NRL eye grand final as TV cash cow - Sports News - Fanatics - the world's biggest events

NRL eye grand final as TV cash cow

02/10/2010 05:32:37 PM Comments (0)

The NRL grand final could be sold to television as a stand-alone game when a new broadcast deal is struck.

The league has already signalled that big games such as State of Origin could be auctioned as separate entities to maximise the income the sport generates.

The NRL's current television deals expire at the end of 2012.

Chief executive David Gallop says informal discussions with broadcasters have begun with more formal talks to get underway next year.

"Everything's possible at this stage," he told AAP.

"We're keen to have a clear auction of our rights in whatever form that presents the best result.

"We've said we're open to anything that gets us maximum exposure and maximum commercial return."

Gallop said Sunday's decider between St George Illawarra and the Sydney Roosters would have some affect on the rights negotiations.

"Ratings for your big games are very important but of more importance is your game's ability to deliver over a 30-week period and that's what rugby league's done in 2010," he said.

"We've exceeded expectation in terms of the viewership of the game and that points to the quality of the competition on a weekly basis.

"We expect massive numbers tomorrow.

"Clearly, being an all-Sydney final, we'll notice some differences from the last few years but we're ecstatic about how our game's travelling in terms of television results."

Gallop said there was no imperative to out rate the AFL grand final replay on the same weekend, with figures this week indicating the NRL led its rival in total audience numbers for the year.

"It's not necessarily about pipping them because there are a whole lot of variables," he said.

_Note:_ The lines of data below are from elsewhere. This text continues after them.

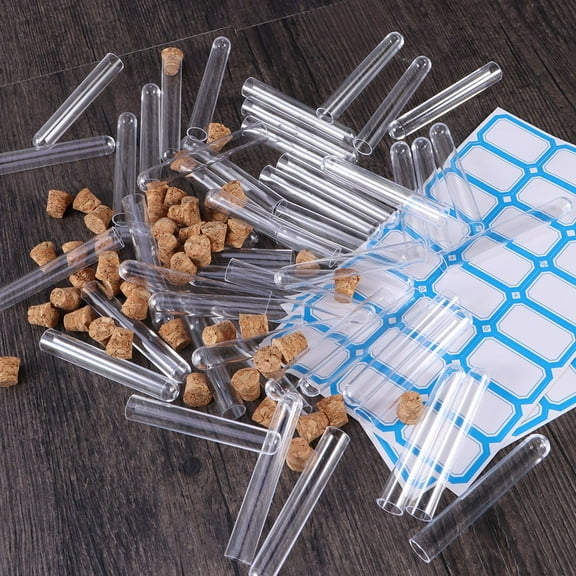 GETAJGHSD 50Pcs Clear Plastic Test Tubes for Cosmetics and Science Parties Portable and Sealed Containers
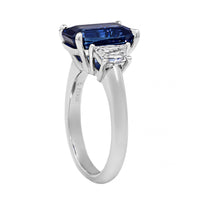 Platinum Three Stone Emerald Cut Sapphire and Trapezoid Diamond Ring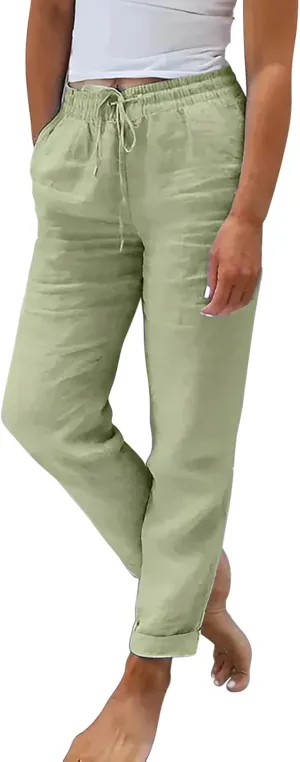 Baggy Linen Pants Women Summer Boho Lightweight High Waist Palazzo Pants Loose Comfy Straight Leg Pants with Pockets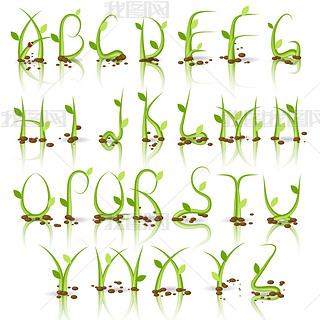 Green plant alphabet with reflection.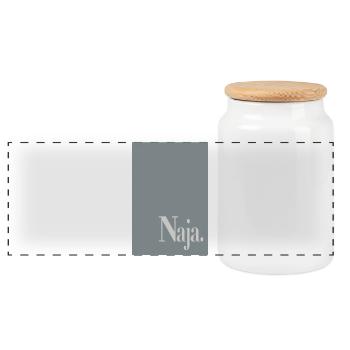 Affiche typographique : Eh bien. - Boîte à biscuits avec couvercle en bois - blanc - Devant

"We'll get an enormous audience and we'll be pretty comfortable with that, we won't be too worried about what they're doing."

Gallop's comments came as the NRL announced its new multi-million dollar headquarters will be built next to the Sydney Football Stadium.

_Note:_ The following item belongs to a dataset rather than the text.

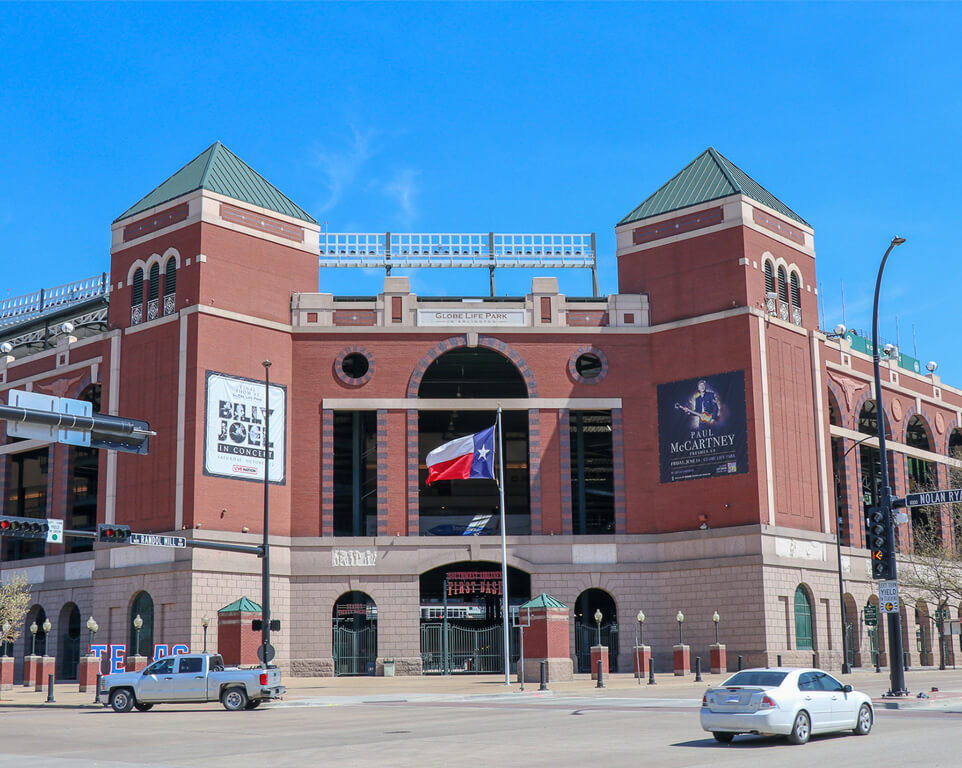 Where do the Texas Rangers play baseball?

The $17.4 million Rugby League Central building will house the NRL, expected to become an independent commission in the coming months, as well as the Australian, NSW and Country Rugby Leagues.

The federal government has committed $10.4 million to the project and the NSW government $1 million with completion expected in 18 months.

"The NFL's in Manhattan for a reason, because it's a high profile sport and it's looking to be in a prestigious location," Gallop said.

"In our view this is even better."

Gallop said a demand from NRL clubs that league's commission be finalised by November 1 remained a distinct possibility.

"There's progress being made, further talks (were) held this week," he said.

"I don't think anyone ever expected it to be the start date, more a date when the parties had reached agreement in principle and I think that's still realistic."